◆ **TASK TO COMPLETE**
Give the listing again word for word. Skip the pictures.
»»
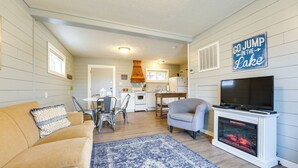 A cozy living room with a sofa, a TV, and a fireplace. A kitchen is visible in the background. - Fish, Boat & Hike On-site: Cape Fair Apartment! (Cape Fair)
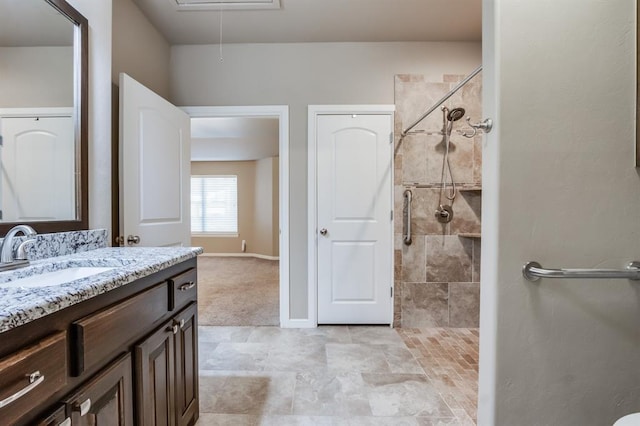 bathroom featuring a tile shower and vanity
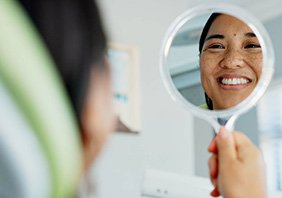 Woman smiling at reflection in dentist office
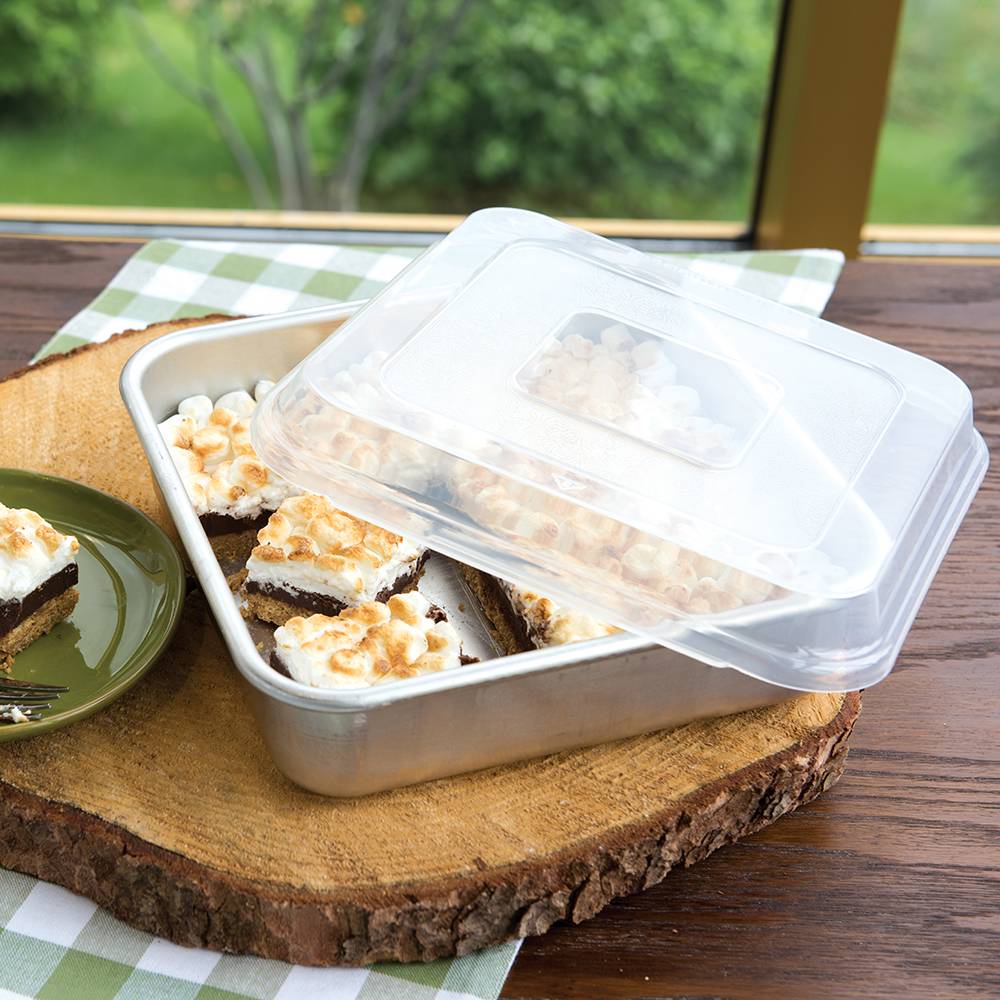 Square aluminum cake pan with encapsulated galvanized steel rim and clear plastic lid, holding toasted marshmallow dessert bars on a wooden slab, perfect for kitchen and baking supplies.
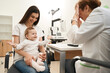 © Svitlana - Baby sitting on mother lap in ophthalmologist office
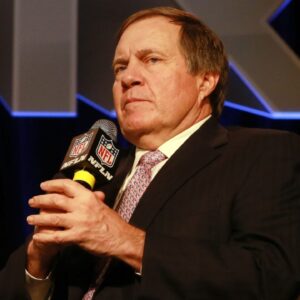 2015: Patriots head coach Bill Belichick answers questions during a press conference with the Vince Lombardi trophy as the New England Patriots and Seattle Seahawks prepare for Super Bowl XLIX.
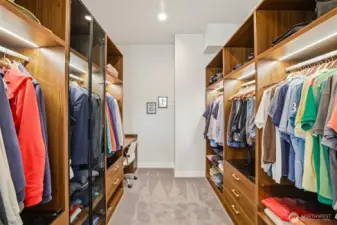 Spacious walk in closet with custom built ins and  desk area.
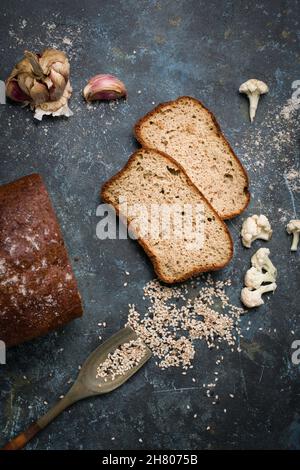 Draufsicht Aufgeschnitten von leckeren frisch gebackenen Blumenkohlebrot auf dem Tisch mit Löffel in verstreuten Sesamkörnern in der hellen Küche Stockfoto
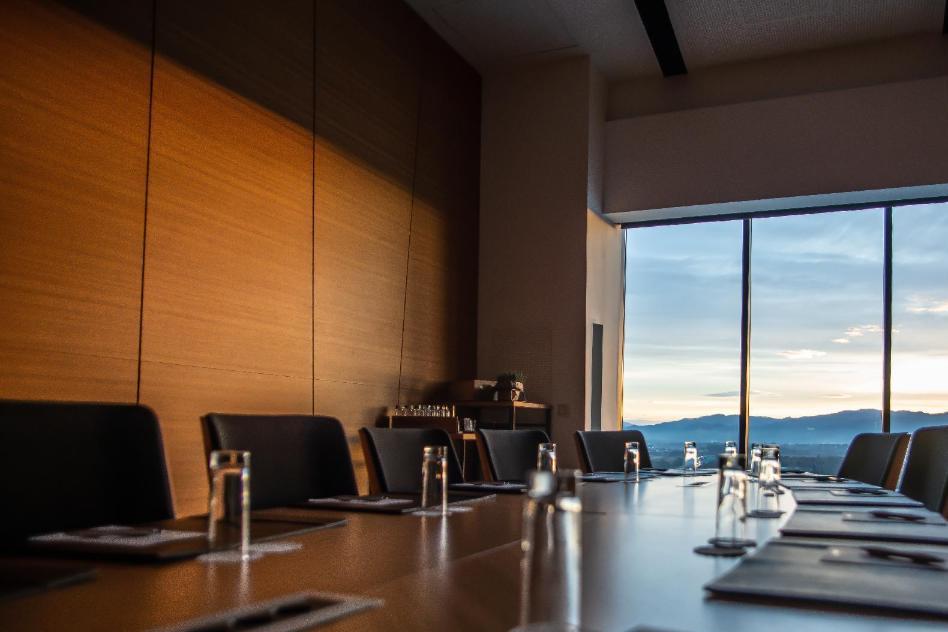 Leerer Konferenzraum mit Tisch und Stühlen, im Hintergrund ein großes Fenster mit Blick in den Himmel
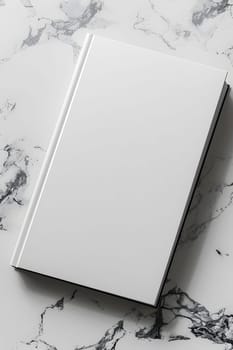 A rectangle white book rests on a sleek marble surface, creating a contrast of shapes and textures. The monochrome photography captures the transparency of the glasslike flooring beneath it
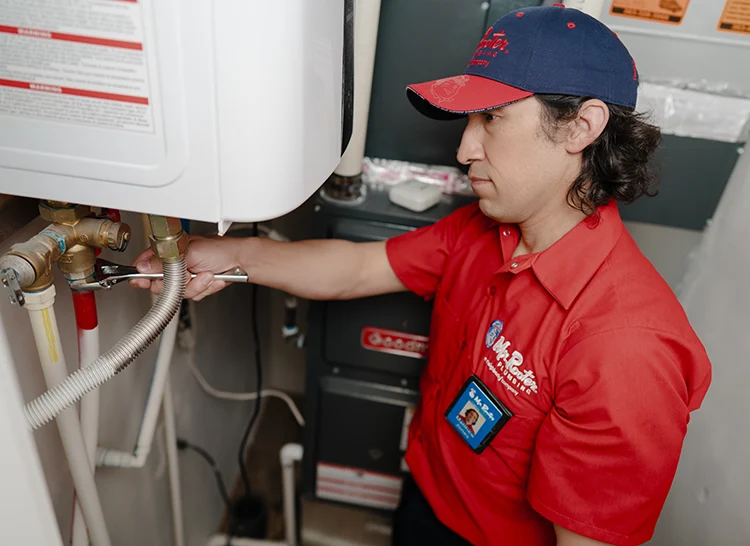 Mr. Rooter plumber installing a tankless water heater in Denver, CO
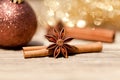 Anice cinnamon and bauble christmas decoration in gold Royalty Free Stock Photo
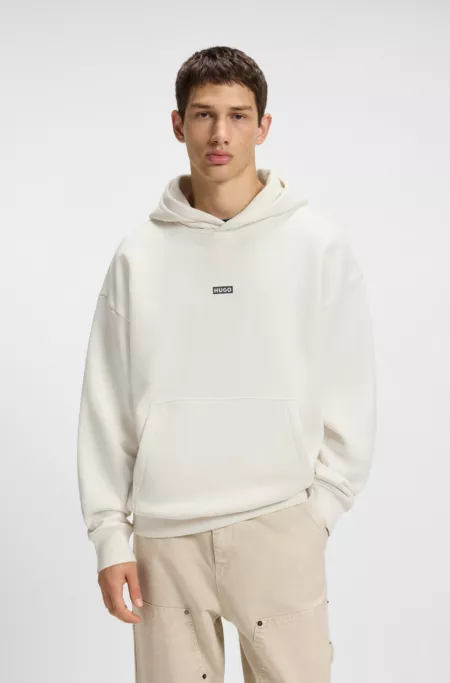 Cotton-terry loose-fit hoodie with logo details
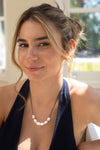 Woman wearing a necklace with pearls outdoors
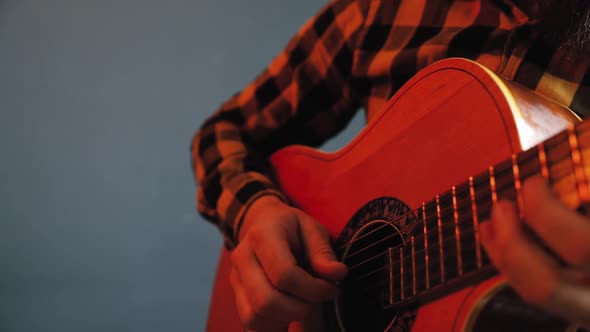 Man Play Acoustic Guitar At Blue Wall Stock Footage Videohive 8142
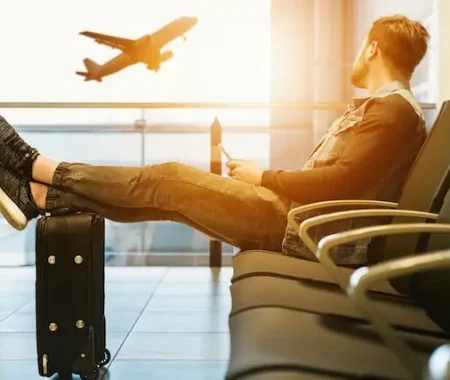Photo d'un homme attendant à l'aéroport le départ de son avion pour aller fêter un EVG/EVJF à l'étranger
««
◆ **RESULT OF THIS EXERCISE**
 A cozy living room with a sofa, a TV, and a fireplace. A kitchen is visible in the background. - Fish, Boat & Hike On-site: Cape Fair Apartment! (Cape Fair)
 bathroom featuring a tile shower and vanity
 Woman smiling at reflection in dentist office
 Square aluminum cake pan with encapsulated galvanized steel rim and clear plastic lid, holding toasted marshmallow dessert bars on a wooden slab, perfect for kitchen and baking supplies.
 © Svitlana - Baby sitting on mother lap in ophthalmologist office
 2015: Patriots head coach Bill Belichick answers questions during a press conference with the Vince Lombardi trophy as the New England Patriots and Seattle Seahawks prepare for Super Bowl XLIX.
 Spacious walk in closet with custom built ins and  desk area.
 Draufsicht Aufgeschnitten von leckeren frisch gebackenen Blumenkohlebrot auf dem Tisch mit Löffel in verstreuten Sesamkörnern in der hellen Küche Stockfoto
 Leerer Konferenzraum mit Tisch und Stühlen, im Hintergrund ein großes Fenster mit Blick in den Himmel
 A rectangle white book rests on a sleek marble surface, creating a contrast of shapes and textures. The monochrome photography captures the transparency of the glasslike flooring beneath it
 Mr. Rooter plumber installing a tankless water heater in Denver, CO
 Anice cinnamon and bauble christmas decoration in gold Royalty Free Stock Photo
 Cotton-terry loose-fit hoodie with logo details
 Woman wearing a necklace with pearls outdoors
 Man Play Acoustic Guitar At Blue Wall Stock Footage Videohive 8142
Photo d'un homme attendant à l'aéroport le départ de son avion pour aller fêter un EVG/EVJF à l'étranger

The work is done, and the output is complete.